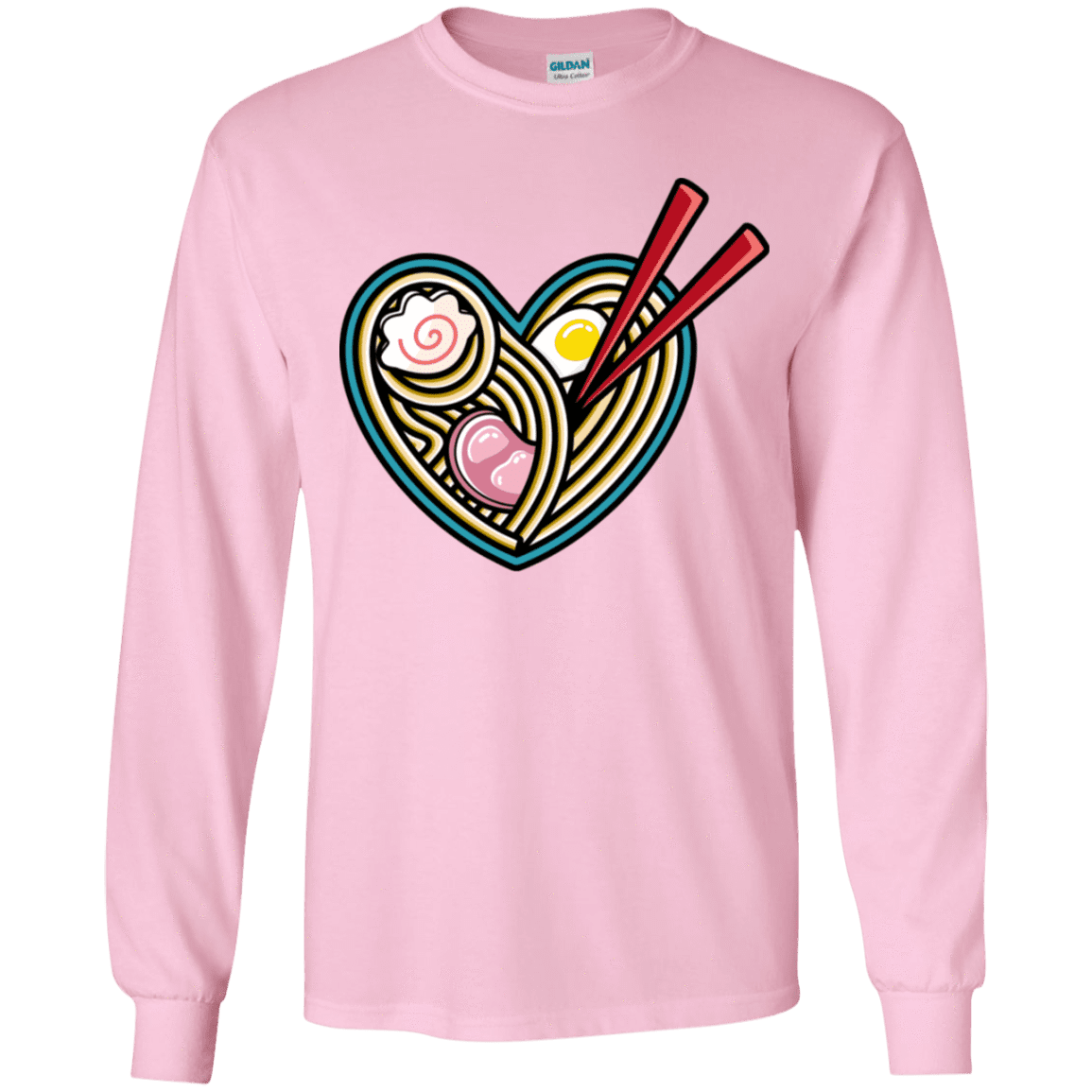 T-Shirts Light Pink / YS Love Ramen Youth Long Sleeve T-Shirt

.....

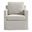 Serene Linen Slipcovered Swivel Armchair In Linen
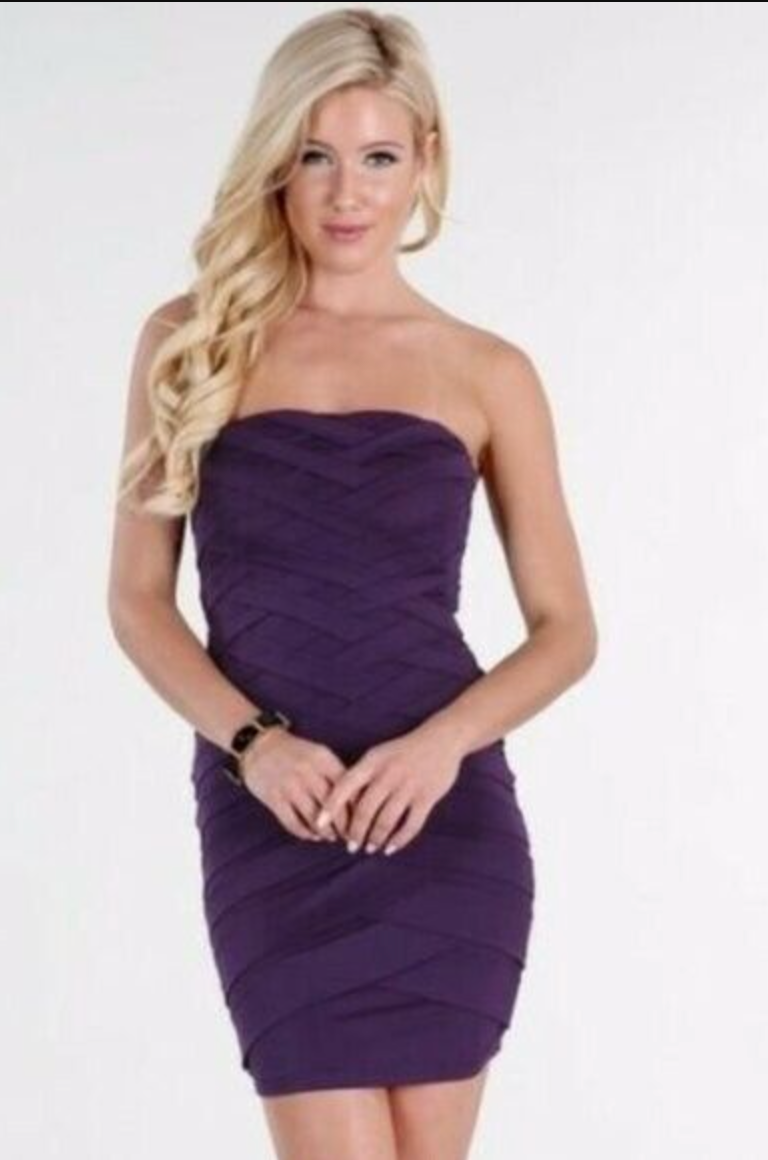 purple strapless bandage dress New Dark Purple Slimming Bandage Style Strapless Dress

.....

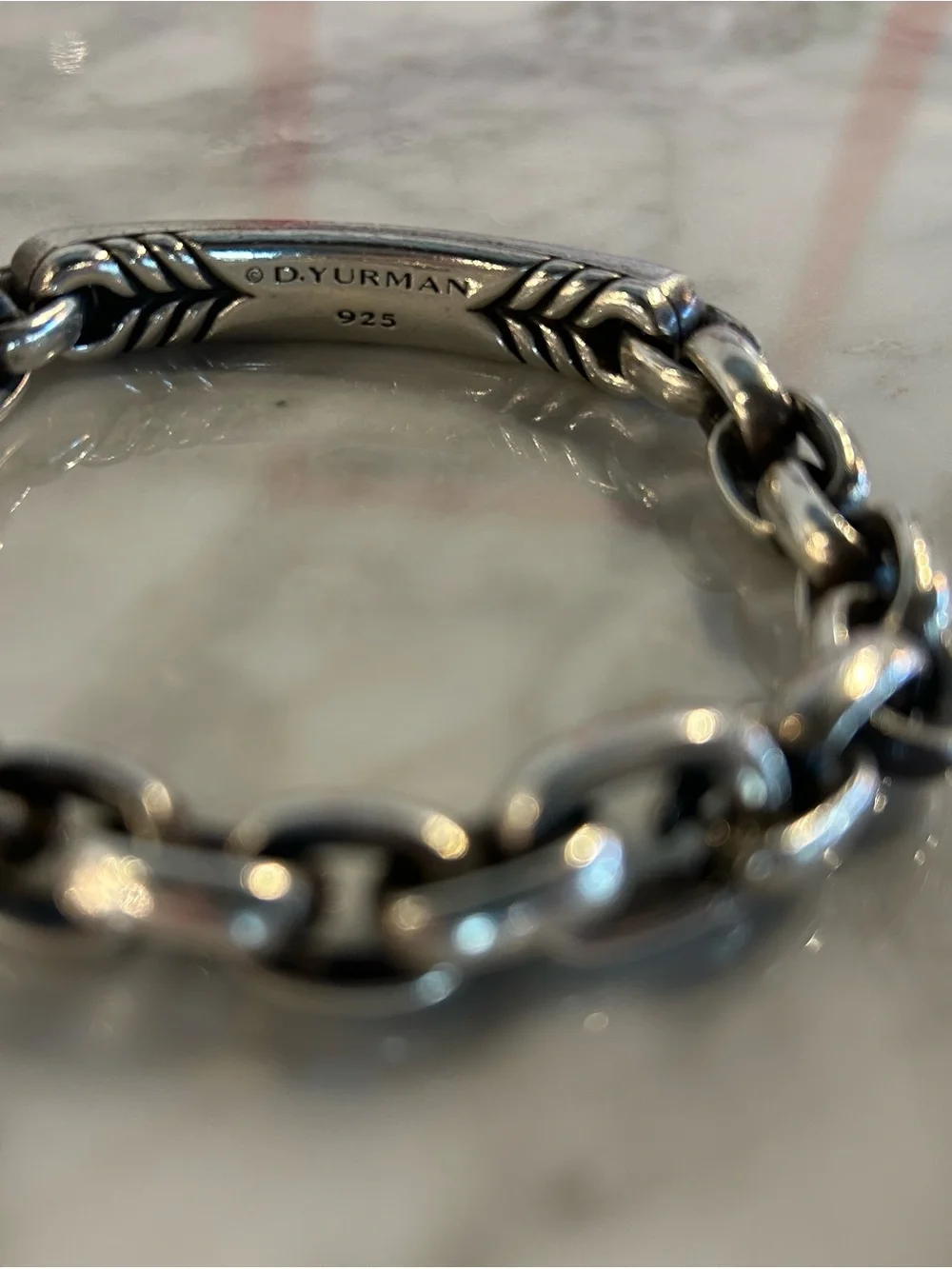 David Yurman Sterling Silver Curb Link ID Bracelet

.....

DIRECTIONS FOR THIS TASK: Look above for the line with "Serene Linen Slipcovered" and the line with "purple strapless bandage". Give again exactly those two lines and all lines between them, pictures excluded.

TASK ANSWER:
 Serene Linen Slipcovered Swivel Armchair In Linen
 purple strapless bandage dress New Dark Purple Slimming Bandage Style Strapless Dress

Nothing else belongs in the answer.